Le texte de Lepage, soutenu par les déplacements quasi minimalistes et très naturels de la mise en scène de Gravel et Lepage, se révèle cru sans être vulgaire, cynique sans être dépressif (loin de là!) et follement drôle, malgré le constant pesant fait par les cinq trentenaires désillusionnés, blasés de tout et de tous. Ils ne sont ni de bons amis, ni de bons chums, ni de bons fils, ni de bons humains, ni de bons citoyens, pourrait-on ajouter. Ils insultent, brutalisent, détruisent, puent la merde, se montrent cruels sans méchanceté aucune, car la cruauté met tout à l’épreuve, car la cruauté est la seule capable de trouver la guerre sous la paix, mais aussi la paix sous la guerre. Ils mènent une quête collective vers le pire en chacun d’eux, chez l’autre et dans la société. Très à l’aise sur le plateau, les cinq comédiens et comédiennes donnent corps à la perte de repères, à la souffrance sous-jacente, tout en conservant un masque d’indifférence troublant. Leur interprétation est aussi redoutable que percutante. Ils ne livrent pas le texte, ils sont le propos.

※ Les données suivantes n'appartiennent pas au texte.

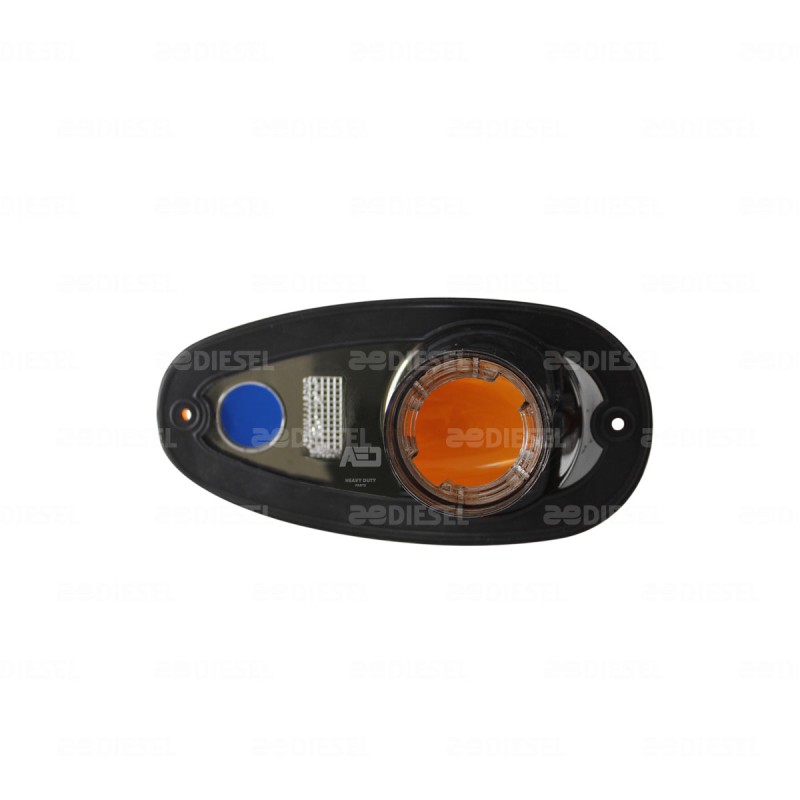 PLAFÓN LATERAL ÁMBAR MP115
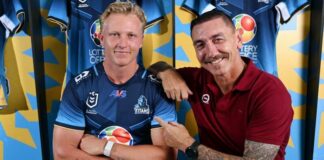 Titans rugby recruit Gordon draws on mentor Mat Rogers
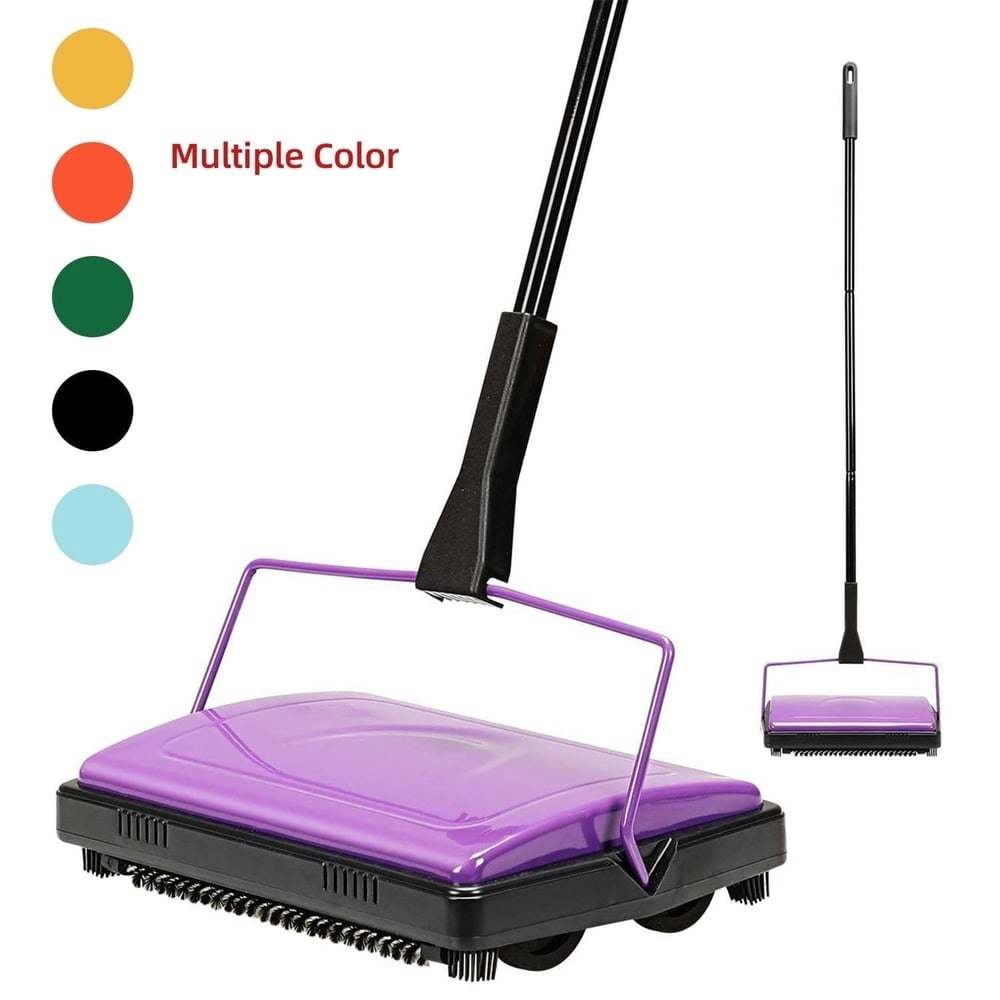 Reecoo Manual Carpet Sweeper: $24.69 Reecoo Manual Carpet Sweeper: $24.69
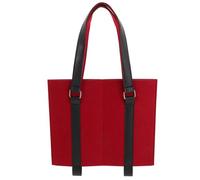 FELTECHELECTR Portable Design Dual Felt with Bottle Wine Handle Carrier Bag and Well-protected from Damage for Party Picnic Use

Face aux « mauvais humains » désabusés et sans passion de Logique du pire, qui envisagent la cruauté avec un détachement qui devraient nous faire frissonner, mais qui nous fascine ou nous fait rire, on ressent une attirance irrépressible pour leurs récits. Logique du pire, c’est une quête lucide menée par un duo de créateurs visiblement capables de tirer le meilleur du pire.